Veloso Salgado’s portraits of Adrien Demont and Virginie Demont-Breton
Presentation as part of the guided tour by Maria de Aires Silveira on October 11 at 6:30 p.m.
The close relationship between Veloso Salgado and the painters Adrien Demont and Virginie Demont-Breton represents an exceptional case of artistic collaboration and friendship. Veloso Salgado spent some time at the Demont residence in Wissant, near Calais in the North of France, a town where the couple had settled and which they had transformed into an artistic commune and school of light effects and outdoor painting. Salgado had met Virginie Demont-Breton, wife of Adrien Demont and daughter of landscape artist Jules Breton (1827-1906), in 1888 during his time in Paris on a state scholarship. According to Virginie's memoirs, there he received commissions and won everyone over with his charm.
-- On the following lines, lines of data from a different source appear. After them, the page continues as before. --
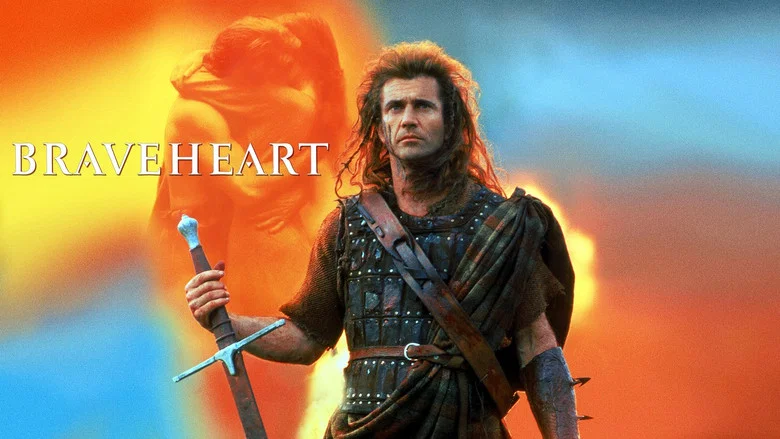 Braveheart still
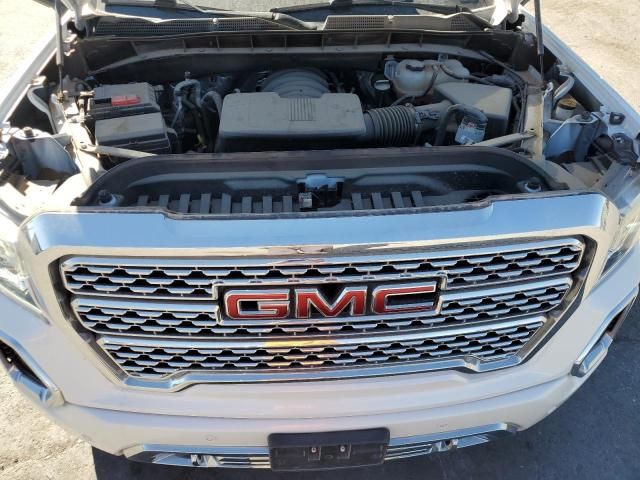 2021 GMC Sierra K1500 Denali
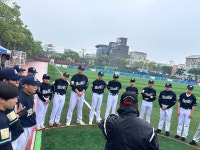 학교소식 > 중학교 > 우도중학교, 첫 출전한 티볼 대회에서 값진 4위 쾌거! | 제주교육소식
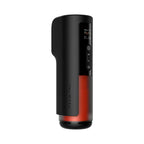 We-Vibe® Arcwave Thruster Automatic Stroker – 200 Strokes/Min Rotation & App Sync Black
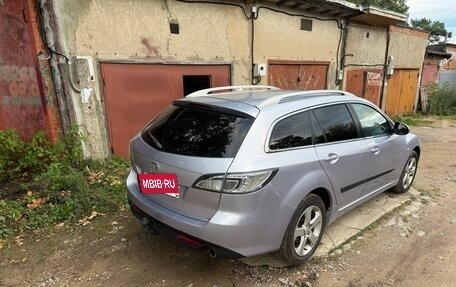 Mazda 6, 2008 год, 850 000 рублей, 3 фотография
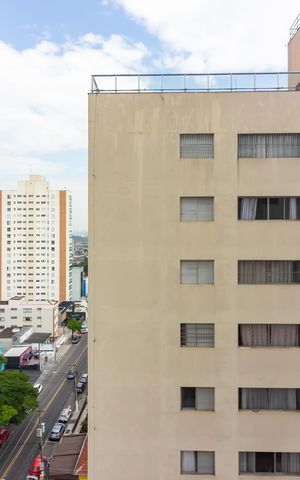 Apartamento para alugar com 55m², 2 quartos e 1 vaga Apartamento para alugar com 55m², 2 quartos e 1 vagaVista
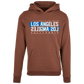 Hoodie Los Angeles 2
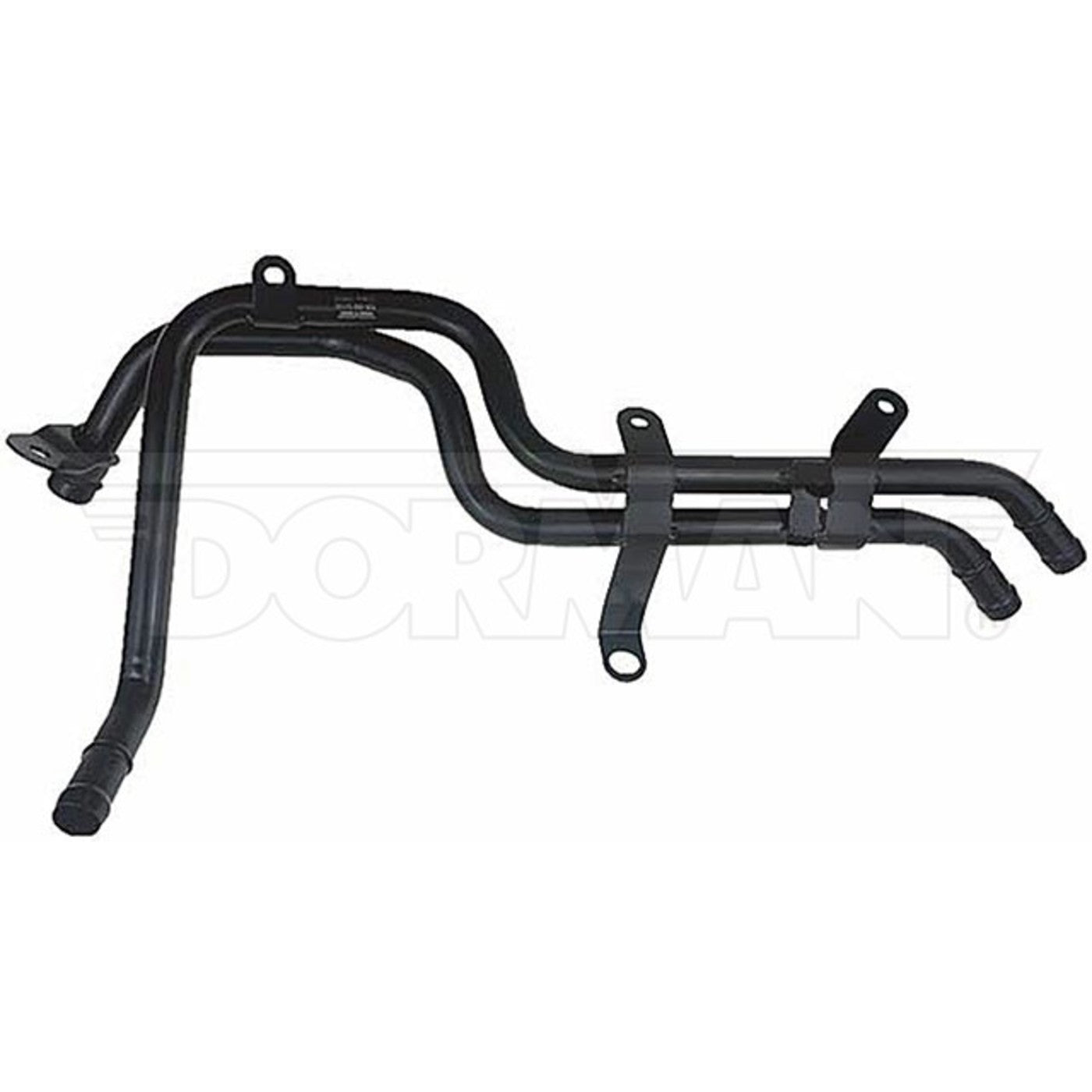 Heater Hose for Chevy Impala, Uplander, Montana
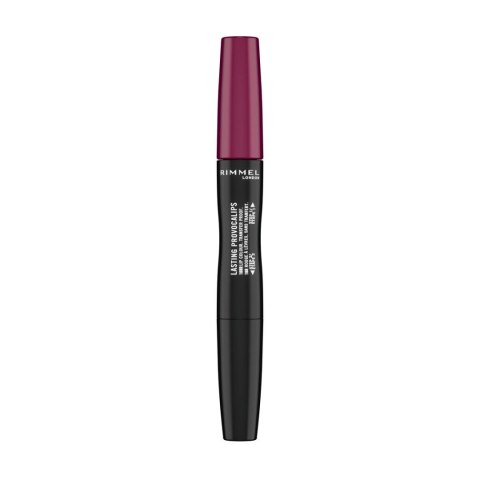 Pomadki Rimmel London Lasting Provacalips 440-maroon swoon Nº 440-Maroon Swoon 2,3 ml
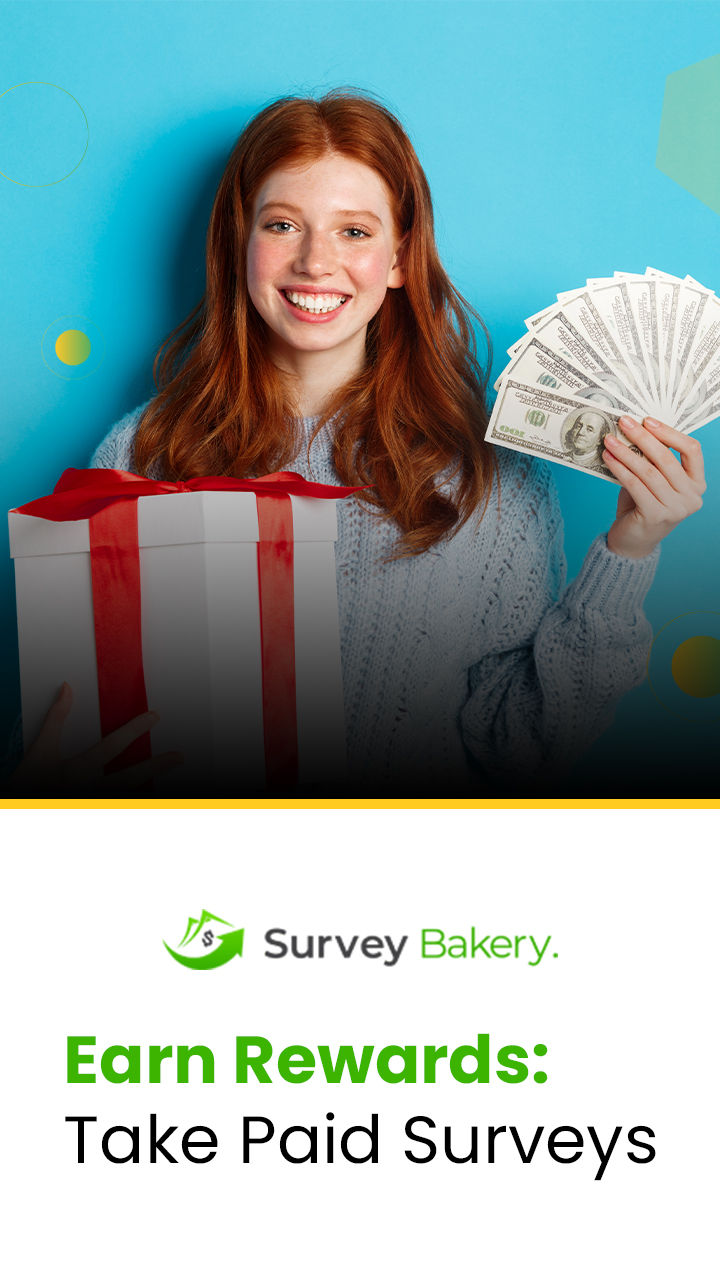 Earn Cash, Rewards and Gift Cards with Paid Surveys Online - Extra ...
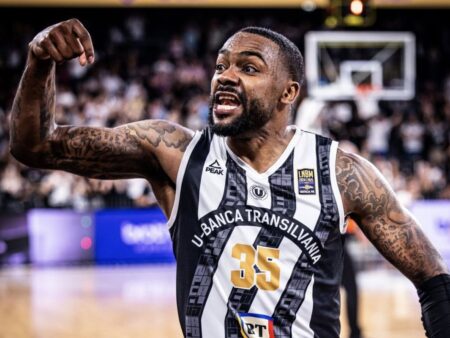 U-BT Cluj-Napoca și-a cunoscut adversarele din Liga ABA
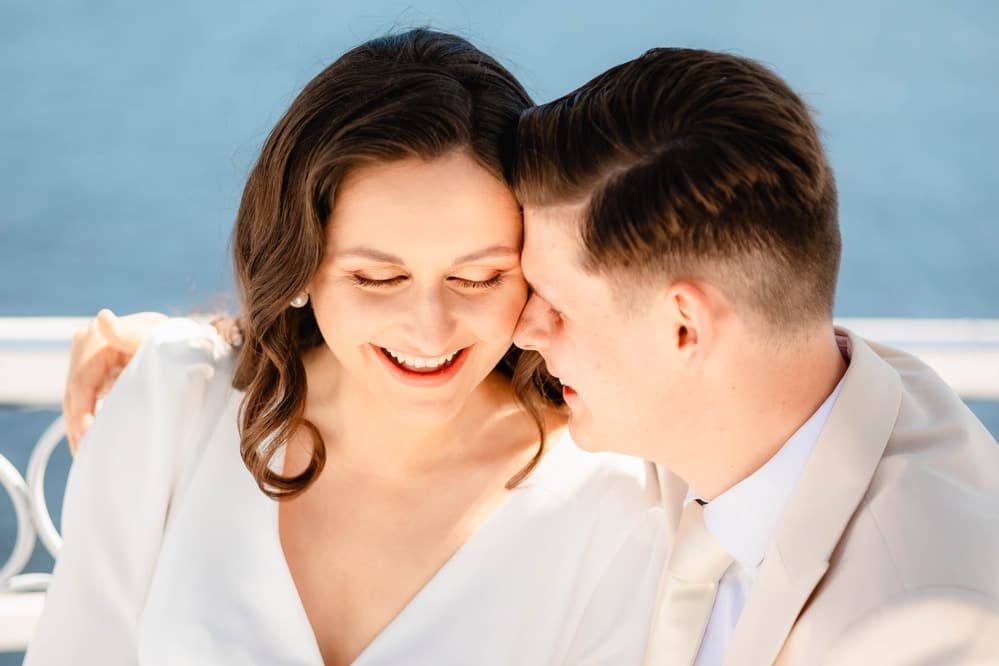 Mihai si Mirela - Fotografii de Marian Toma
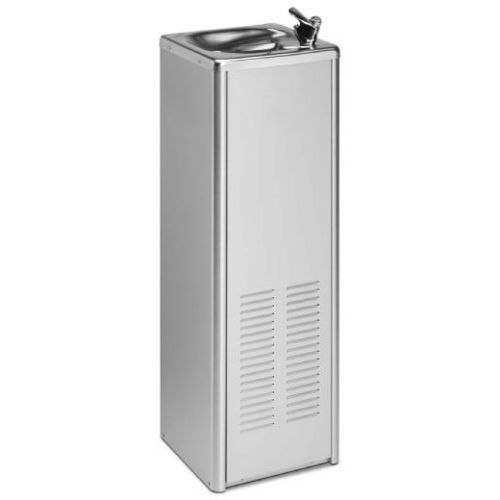 Trinkbrunnen für kaltes Wasser - 10006.B - NOFER - für den Innenraum / Edelstahl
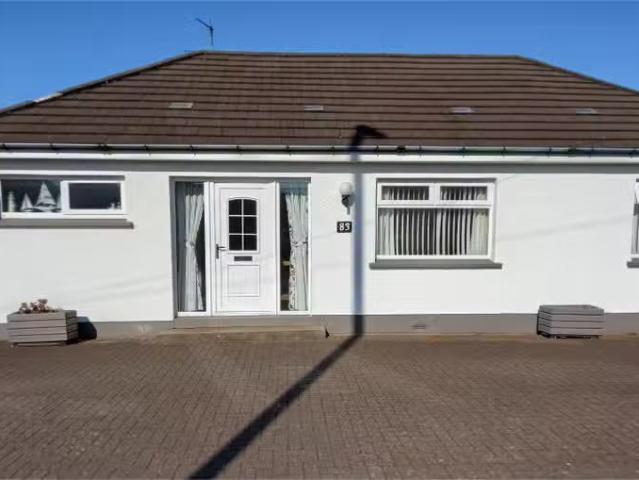 House to rent in Meath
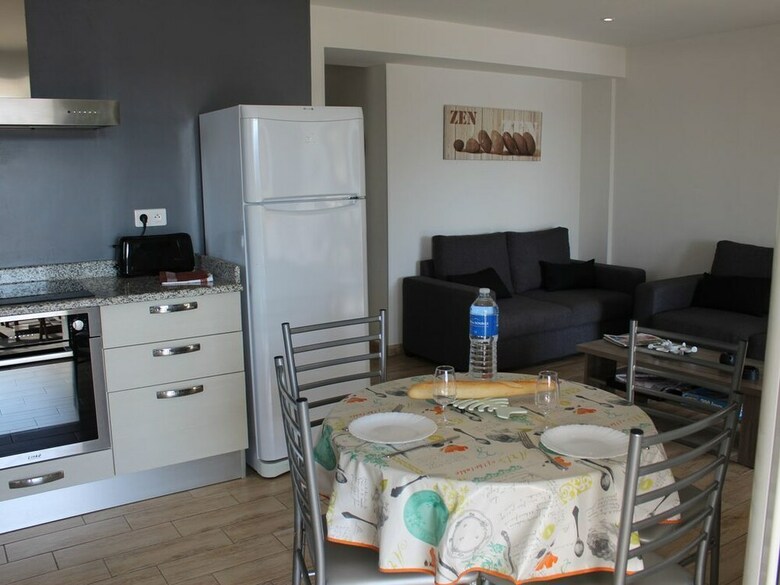 Apartamento Marina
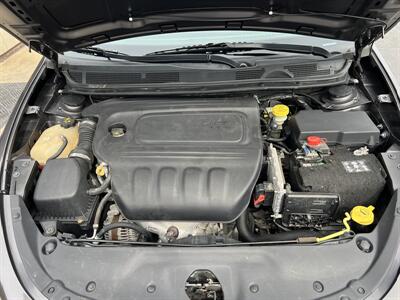 2016 Dodge Dart SXT Sport Rallye   - Photo 18 - Canton, OH 44707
In 1891, he painted a portrait of Adrien Demont (1851-1928), a landscape artist with a special talent for twilight scenes. The portrait is notable for the power of the image, infused with the artists’ mutual friendship and admiration. A natural pose and attention to details such as the artist's smock and the paintbrushes resting on the table intensify the seductive, meditative aura of the painter-poet, whose interest in the representation of light and colour are also present in some of Veloso Salgado’s paintings, such as Noir et Rose, from 1892, and symbolist paintings from the 1890s.
The portrait of Virginie Demont-Breton (1859-1935) from 1894 reveals a combative figure, with her palette and paintbrushes held high like the weapons of a hunter-goddess. The portrait captures Demont-Breton's strong personality, an artist whose own paintings portrayed everyday scenes of fishermen and their families and the wild North Sea, a drive also evident in her establishment of the Union of Women Painters and Sculptors and of a school open to women artists. Her paintings inspired Veloso Salgado’s A flor do mar [Flower of the Sea], from 1892, both in its theme and colour palette.
These artist portraits stand out as much for their powerful sensibility and technical qualities as for their striking originality. Their expressiveness and tone reveal an acute psychological insight into the subjects and the friendship they shared, emphasising their artistic profiles as a visual display of their social and intellectual prestige. A significant correspondence of both a personal and professional nature was conducted between Lisbon and France from 1896, recently completed with the addition of Veloso Salgado’s letters to the Demonts. The discovery of these portraits and the artist’s involvement at Wissant are fundamental to this innovative reflection on the works of Veloso Salgado and his artistic career.